Maricopa Colleges faculty accuse governing board of playing politics, discrimination

Maricopa County Community College District faculty have filed a complaint with the colleges’ accreditor, accusing the governing board of partisan politics, racial discrimination and retaliation. 

The 13-page complaint filed by the Maricopa Community Colleges Faculty Association asks the Higher Learning Commission to send a team to investigate alleged violations of accrediting standards. 

One allegation accuses two board members of violating standards of freedom of expression and diversity when they pushed administrators to nix a student trip to a San Diego cultural park because the park has “anti-Trump stuff.” A board member suggested the students instead go to the libraries of former presidents Richard Nixon and Ronald Reagan. 

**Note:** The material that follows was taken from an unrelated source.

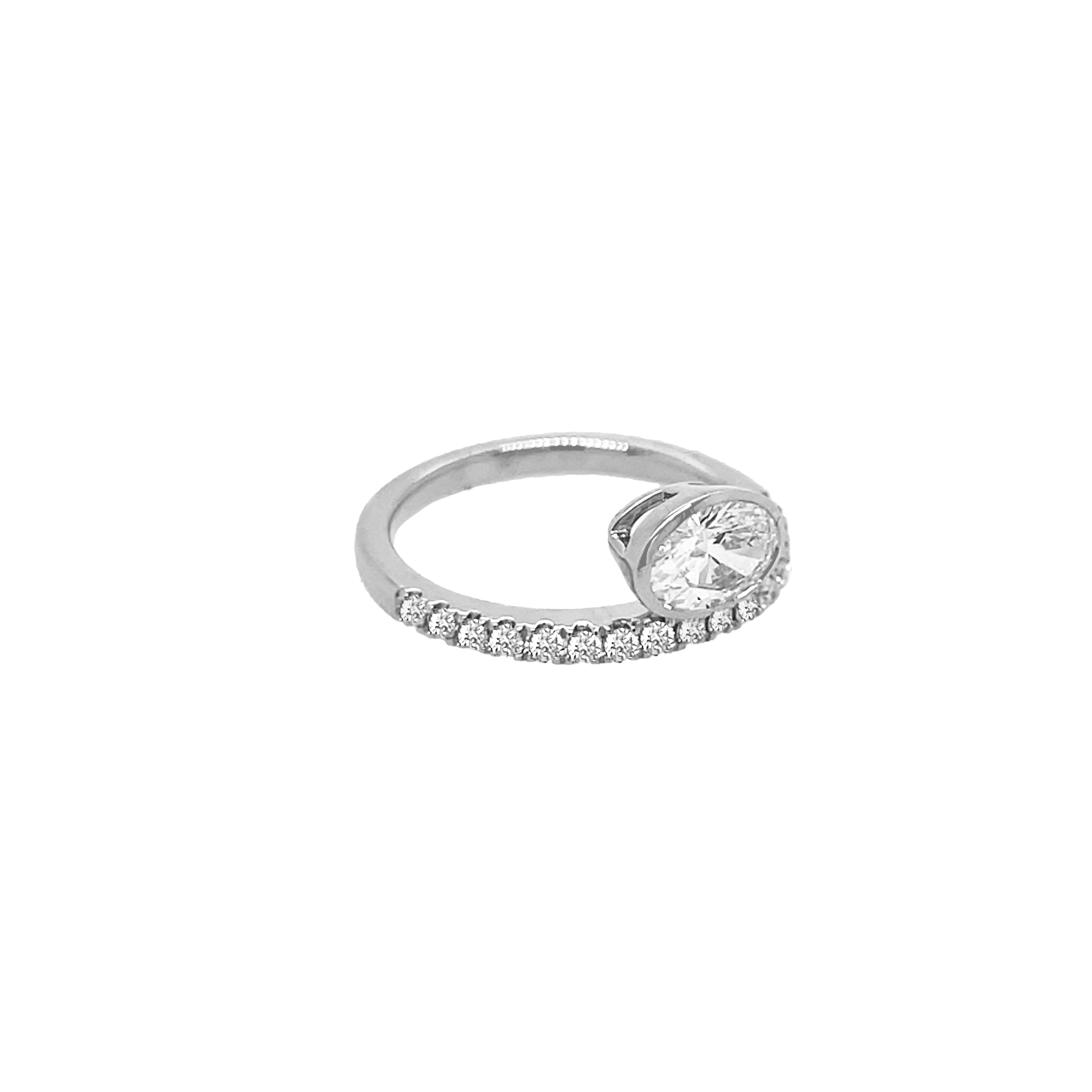 Silver ring with a diamond on a white background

The complaint alleges a “confluence of recent events” have mired the state’s largest community college system in “disarray and dysfunction, resulting in a number of serious accreditation violations.”

“We take this action very reluctantly,” faculty association President John Schampel said in a statement.

Schampel said records obtained under the Arizona Public Records Law by the faculty association “clearly show an ongoing pattern of behavior that we believe violates accrediting standards and puts our students at risk.”

The faculty association announced the complaint at Tuesday evening’s governing board meeting.

Board President Laurin Hendrix was not at the meeting and unavailable for comment. Board member Johanna Haver, who was filling in for Hendrix, responded to questions from The Arizona Republic via email after reviewing the complaint.

She said the board is a diverse group with a variety of opinions. “It is absolutely wrong to accuse our Board members of ‘prioritization of political and electoral gains over the interest of the colleges and their students,’” she said.

She added the board has approved many items that are considered “liberal,” including providing legal assistance to college students who are in Arizona under the federal Deferred Action for Childhood Arrivals, or DACA, program.

The Higher Learning Commission, based in Chicago, is among the gold standard college accreditors. Institutions accredited by the group agree to follow standards and, in return, their students are eligible for federal financial aid and have an easier time transferring college credits among institutions. 

It was not immediately clear whether the Higher Learning Commission will take action. The commission has received the complaint and is reviewing it, said Steve Kauffman, a commission spokesman.

The complaint is the latest salvo in what has been a tense relationship between the governing board and the faculty association, which represents full-time Maricopa college employees.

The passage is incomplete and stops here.